Despite benefits, retirement plans less popular than wage increases in fight for talent

'It's our hope that employers don't lose sight of the value and the importance of offering retirement savings plans'

Despite benefits, retirement plans less popular than wage increases in fight for talent

“It's our hope that employers don't lose sight of the value and the importance of offering retirement savings plans, and how retirement benefits have [an impact] on their employees, to address these challenges.” 

So says Ivana Zanardo, VP of client services at the Healthcare of Ontario Pension Plan (HOOPP), in an interview with Canadian HR Reporter about what employers are doing about retirement plans for workers. 

Overall, just 17 per cent of employers had launched or enhanced retirement savings plans in the past year, or plan to do so in the year ahead. This is the case even though 82 per cent are concerned about high inflation, according to a survey released by HOOPP of 778 Canadian business owners in August.

Read more: Rising inflation forces many Canadians to delay retirement

And most employers (84 per cent) are also concerned about an emerging retirement income crisis, and feel they have a responsibility to offer a pension (75 per cent).

However, the majority of employers are favouring wage increases over benefit enhancements as the best way to mitigate the effects of inflation for employees (67 per cent), and as a means to attract new employees (71 per cent).

Cost is the biggest impediment for the 20 per cent of employers that do not offer any retirement benefits. Of this group, 44 per cent say the long-term costs are too high and 30 per cent say set-up costs are too high. 

Benefits of retirement offerings

But they also appreciate that offering retirement benefits helps with employee retention (66 per cent) and attraction (62 per cent).

Most also say retirement benefits are a cost-effective way to reduce financial stress for employees (85 per cent) and more of an investment in human capital than a cost to business (78 per cent), finds the HOOPP survey.

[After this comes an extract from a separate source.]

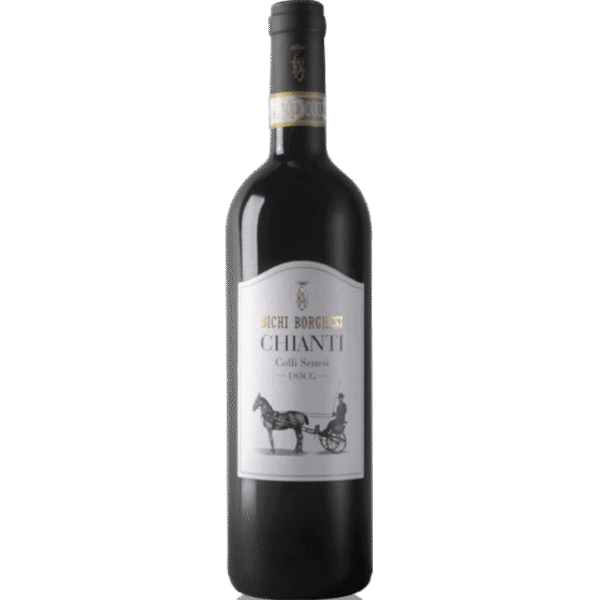 BICHI BORGHESI CHIANTI COLLI SENESI 2020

Those who have introduced or enhanced their retirement benefits in the last year are more likely to report higher levels of employee productivity compared to those who have not made any retirement benefit improvements (56 per cent vs. 39 per cent), and less likely to be negatively impacted by greater competition for hiring (57 per cent vs. 77 per cent), high turnover (64 per cent vs. 71 per cent) and labour shortages (62 per cent vs. 76 per cent).

Read more: Retirement planning still confounds many workers

“Our research also tells us that for those employers who have introduced or enhanced their retirement benefits in the last year, they are less likely to be negatively impacted by labour shortages, as compared to other employers. So [it’s] critically important for Canadian businesses to see the value of offering this retirement security,” says Zanardo. 

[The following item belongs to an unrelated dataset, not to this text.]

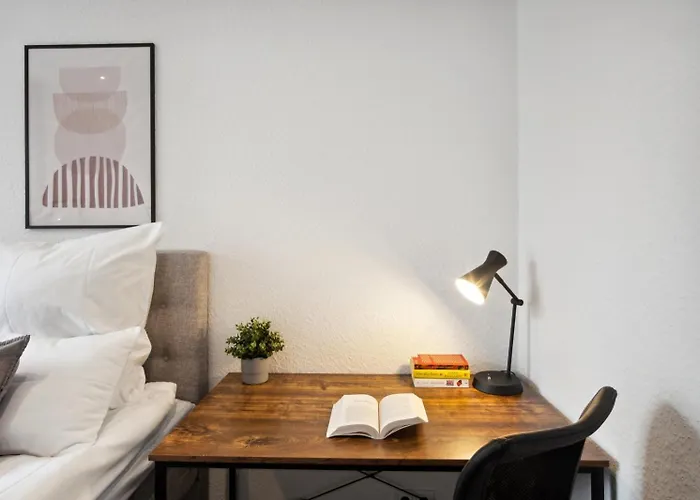 Charmantes Apartment 5 Personen Smart Tv Netflix Disney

“We know that employees are feeling the strain of the current economic climate and, alleviating their financial anxiety would make them more productive. It would allow them to be more focused during the day, and, of course, that leads to higher productivity. So it is good for businesses to be able to be in a position to provide retirement security.”

Where to start?

For employers that currently have no retirement savings plan for their workers, ensuring automatic savings, keeping fees and costs low and implementing fiduciary governance are some of the key value drivers, says Zanardo. And it doesn’t so much matter what type of retirement plan they offer, she says.

“Offering any type of retirement savings plan is a good place to start. We're saying that any retirement savings program is better than none at all.”